**** Data for this task

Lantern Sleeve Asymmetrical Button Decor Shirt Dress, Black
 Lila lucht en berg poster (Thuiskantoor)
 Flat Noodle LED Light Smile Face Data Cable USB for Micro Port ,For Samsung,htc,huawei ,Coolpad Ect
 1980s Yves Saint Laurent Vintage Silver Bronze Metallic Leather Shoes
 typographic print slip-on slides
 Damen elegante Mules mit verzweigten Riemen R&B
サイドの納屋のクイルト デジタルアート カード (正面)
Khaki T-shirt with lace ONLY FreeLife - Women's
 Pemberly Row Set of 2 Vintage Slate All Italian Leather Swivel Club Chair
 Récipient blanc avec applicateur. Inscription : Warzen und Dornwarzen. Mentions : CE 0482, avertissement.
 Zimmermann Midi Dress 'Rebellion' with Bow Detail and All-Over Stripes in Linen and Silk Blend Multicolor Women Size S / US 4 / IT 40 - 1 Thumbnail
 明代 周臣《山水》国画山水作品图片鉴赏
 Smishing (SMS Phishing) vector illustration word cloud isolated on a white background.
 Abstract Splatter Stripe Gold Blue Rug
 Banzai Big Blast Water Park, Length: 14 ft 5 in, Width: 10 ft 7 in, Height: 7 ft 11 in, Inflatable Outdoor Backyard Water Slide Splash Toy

********

Work task
Look through the data above. Copy every line with the string "Dress" in it.

Your solution
Lantern Sleeve Asymmetrical Button Decor Shirt Dress, Black
 Zimmermann Midi Dress 'Rebellion' with Bow Detail and All-Over Stripes in Linen and Silk Blend Multicolor Women Size S / US 4 / IT 40 - 1 Thumbnail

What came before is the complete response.